Week 4: DuckDB, Polars, File Formats

DSAN 6000: Big Data and Cloud Computing
Fall 2025

Amit Arora and Jeff Jacobs

jj1088@georgetown.edu

Monday, September 15, 2025

Agenda and Goals for Today

Lecture

  • Distributed file systems
  • Modern file types
  • Working with large tabular data on a single node
    • DuckDB
    • Polars

Lab

  • Run a similar task with Pandas, polars and duckdb

Logistics and Review

Deadlines

  • Assignment 1: Python Skills Due Sept 5 11:59pm
  • Lab 2: Cloud Tooling Due Sept 5 6pm
  • Assignment 2: Shell & Linux Due Sept 11 11:59pm
  • Lab 3: Parallel Computing Due Sept 12 6pm
  • Assignment 3: Parallelization Due Sept 18 11:59pm
  • Lab 4: Docker and Lambda Due Sept 19 6pm
  • Assignment 4: Containers Due Sept 25 11:59pm
  • Lab 5: DuckDB & Polars Due Sept 26 6pm

Look back and ahead

  • Continue to use Slack for questions!
  • Docker (containerization)
  • Lambda functions
  • Coming up: Spark and project

Filesystems

Raw Ingredients of Storage Systems

  • Disk drives (magnetic HDDs or SSDs)
  • RAM
  • Networking and CPU
  • Serialization
  • Compression
  • Caching

From Reis and Housley (2022)

Single-Machine vs. Distributed Storage

From Reis and Housley (2022)

Single-Machine

  • They are commonly used for storing operating system files, application files, and user data files.
  • Filesystems are also used in databases to store data files, transaction logs, and backups.

Distributed Storage

  • A distributed filesystem is a type of filesystem that spans multiple computers.
  • It provides a unified view of files across all the computers in the system.
  • Have existed before cloud

File Storage Types

Local Disk

  • OS-managed filesystems on local disk partition:
  • NTFS (Windows)
  • HFS+ (MacOS)
  • ext4 (Linux)() on a local disk partition of SSD or magnetic disk

Network-Attached (NAS)

  • Accessed by clients over a network
  • Redundancy and reliability, fine-grained control of resources, storage pooling across multiple disks for large virtual volumes, and file sharing across multiple machines

Cloud Filesystems

  • Not object store (more on that later)
  • Not the virtual hard drive attached to a virtual machine
  • Fully managed: Takes care of networking, managing disk clusters, failures, and configuration (Azure Files, Amazon Elastic Filesystem)
  • Backed by Object Store

Based on Reis and Housley (2022)

Object Stores

  • Somewhat confusing because object has several meanings in computer science.
  • In this context, we’re talking about a specialized file-like construct. It could be any type of file: TXT, CSV, JSON, images, videos, audio

  • Contains objects of all shapes and sizes: each gets a unique identifier
  • Objects are immutable: cannot be modified in place (unlike local FS)

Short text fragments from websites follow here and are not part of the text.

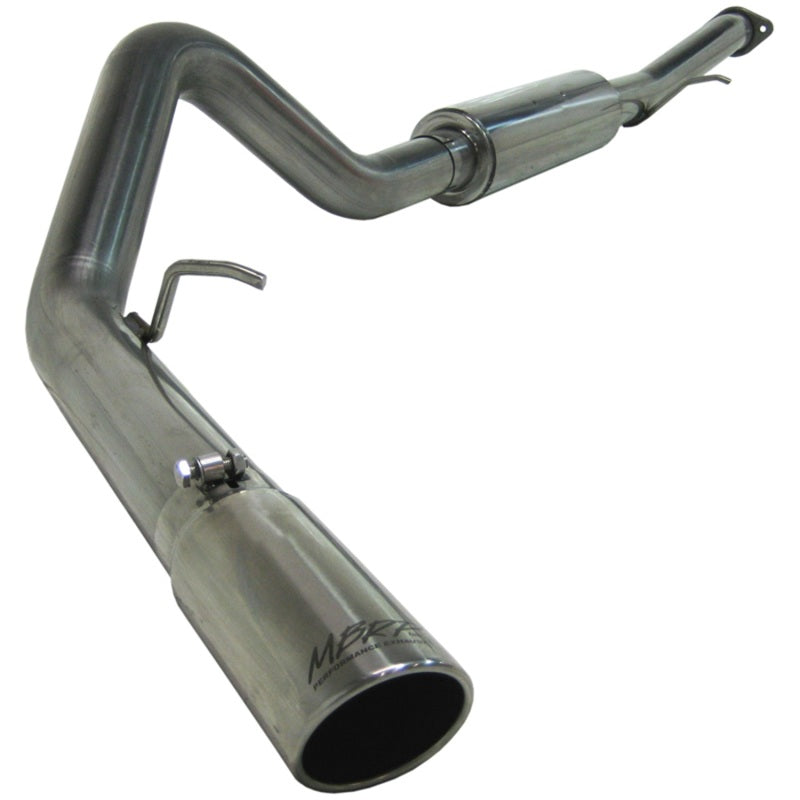 MBRP 2000-2006 Chev/GMC Suburban/YukonXL 1500 5.3L Cat Back Single Side-tuningsupply.com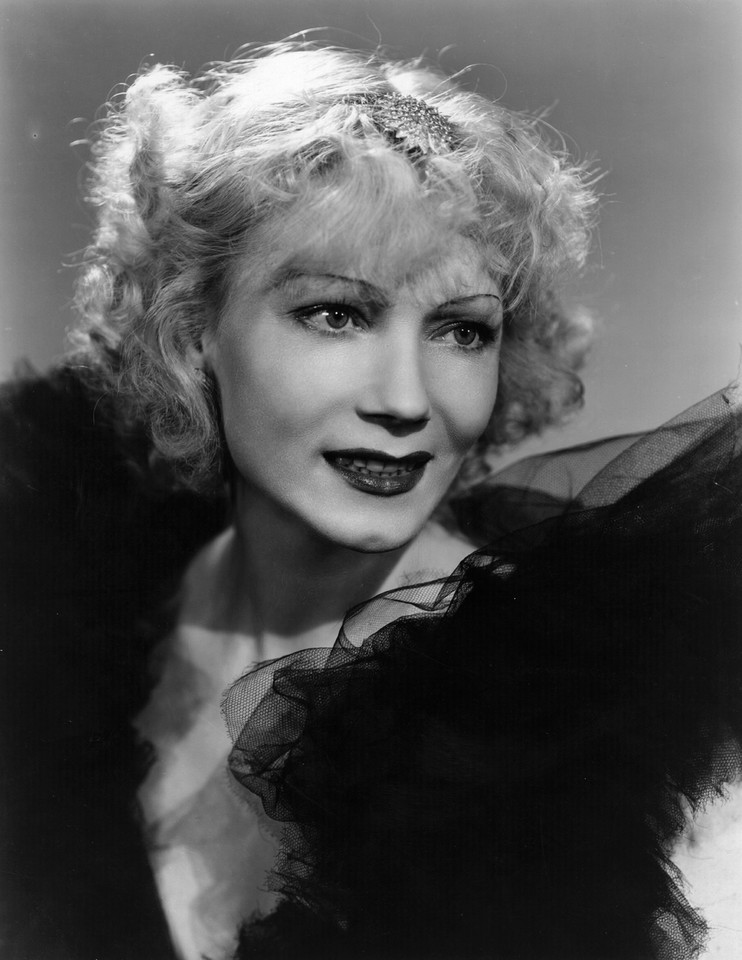 Gilda Gray ok. 1936 r.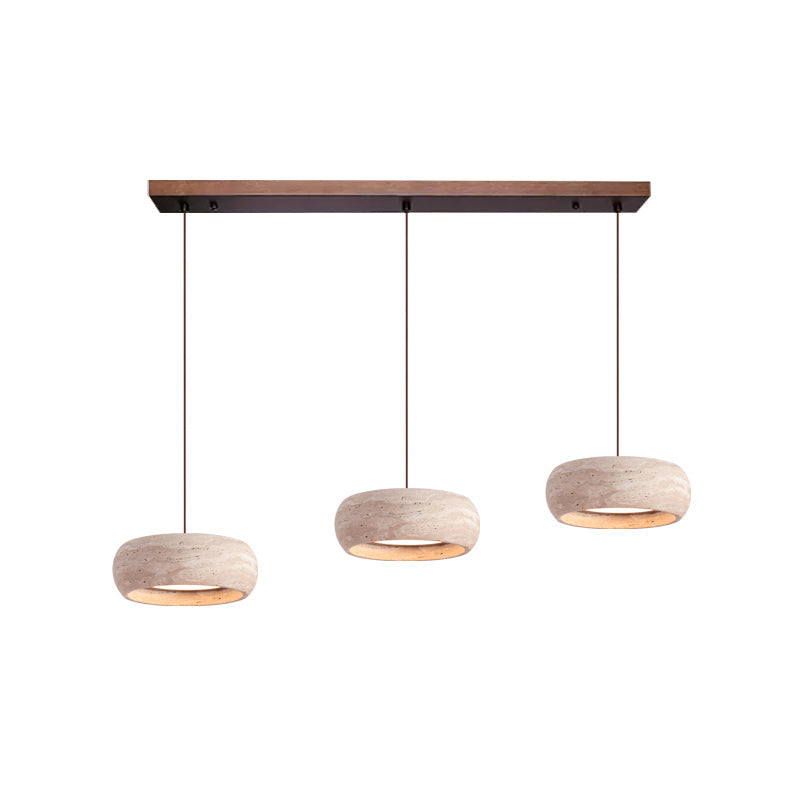Soravenor Drum Pendant Light
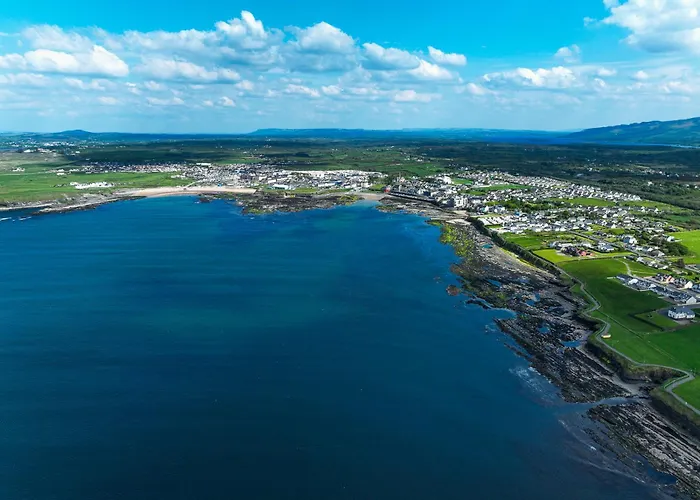 Modern, Luxurious And Super Comfy Home In Bundoran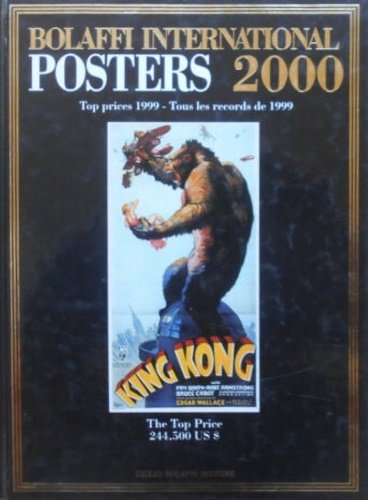 Posters 2000. Bolaffi International.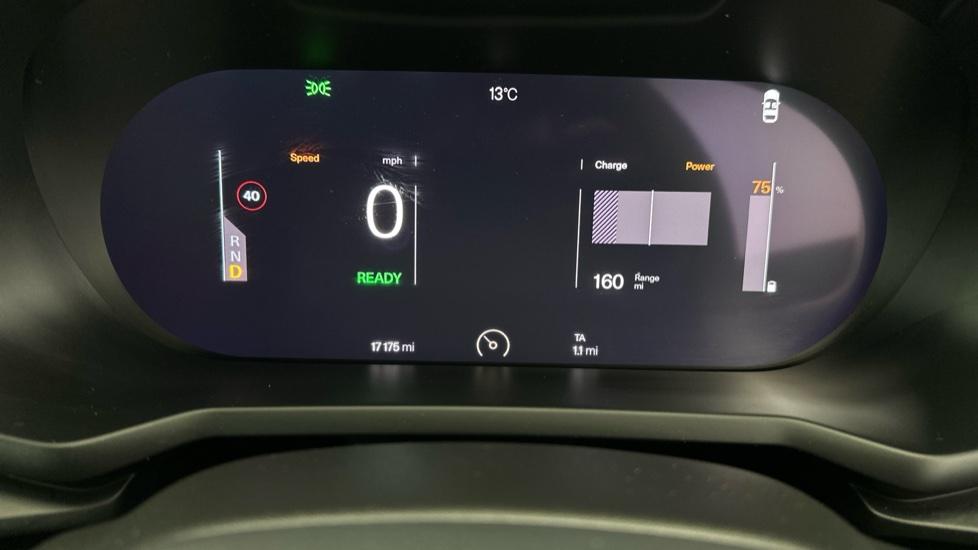 Digital Dashboard 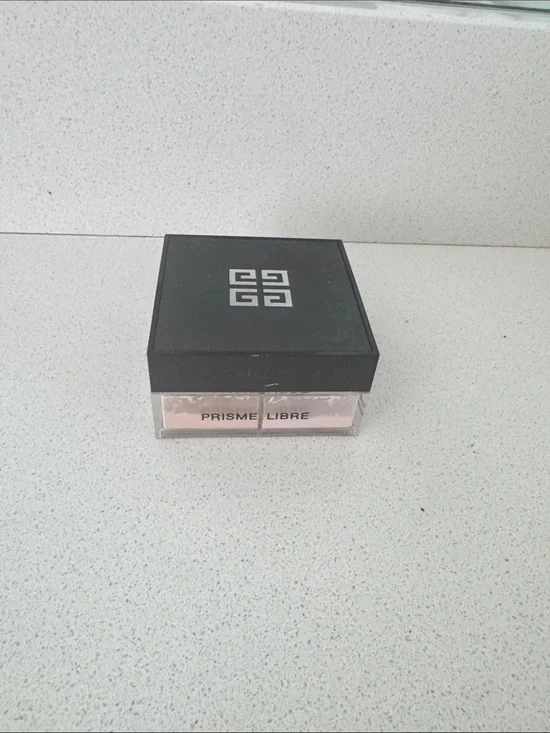 Givenchy Prisme Libre Voile Rose original formula powder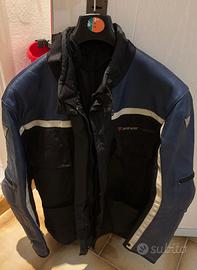 Giacca moto taglia XL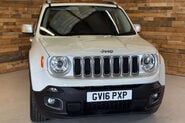 Jeep Renegade 1.4T MultiAirII Limited SUV 5dr Petrol Auto 4WD Euro 6 (s/s) (170 ps) 26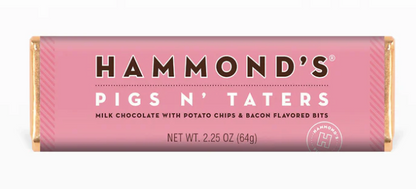 Hammond's Candy Bar- Pigs N Taters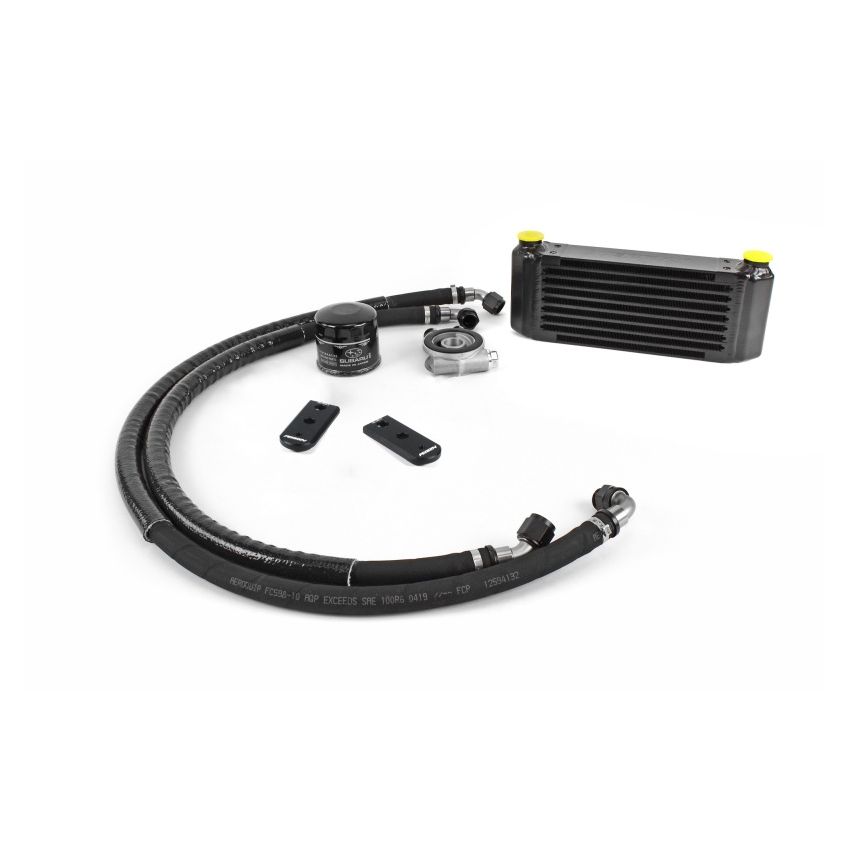 Perrin 22-23 BRZ/GR86 Oil Cooler Kit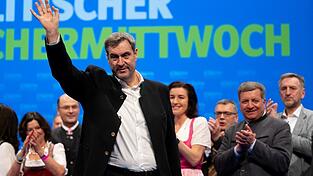 CSU-Chef Markus Söder hat diesmal nicht, wie schon manches Mal zuvor, in die unteren sprachlichen Schubladen gegriffen.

Distributed FS vs Object Store

Distributed File System Object Storage
Organization Files in hierarchical directories Flat organization (though there can be overlays to provide hierarchical files structure)
Method POSIX File Operations REST API
Immutability None: Random writes anywhere in file Immutable: need to replace/append entire object
Performance Performs best for smaller files Performs best for large files
Scalability Millions of files Billions of objects

Both provide:

  • Fault tolerance
  • Availability and consistency

Before: Data locality (for Hadoop)

From White (2015)

Today: De-Coupling Storage from Compute

From Gopalan (2022)

Data-on-Disk Formats

  • Plain Text (CSV, TSV, FWF)
  • JSON
  • Binary Files

Plain Text (CSV, TSV, FWF)

  • Pay attention to encodings!
  • Lines end in linefeed, carriage-return, or both together depending on the OS that generated
  • Typically, a single line of text contains a single record

JSON

Warning

JSON files have two flavors: JSON Lines vs. JSON. Typically when we say data is in JSON format, we imply it’s JSON Lines which means that there is a single JSON object per line, and there are multiple lines.

JSON Lines

4 records, one per line, no end comma

{"id":1, "name":"marck", "last_name":"vaisman"}
{"id":2, "name":"anderson", "last_name":"monken"}
{"id":3, "name":"amit", "last_name":"arora"}
{"id":4, "name":"abhijit", "last_name":"dasgupta"}

JSON

4 records enclosed in 1 JSON Array

[
  {"id":1, "name":"marck", "last_name":"vaisman"},
  {"id":2, "name":"anderson", "last_name":"monken"},
  {"id":3, "name":"amit", "last_name":"arora"},
  {"id":4, "name":"abhijit", "last_name":"dasgupta"},
]

Binary Files

Issues with Common File Formats (Especially CSV)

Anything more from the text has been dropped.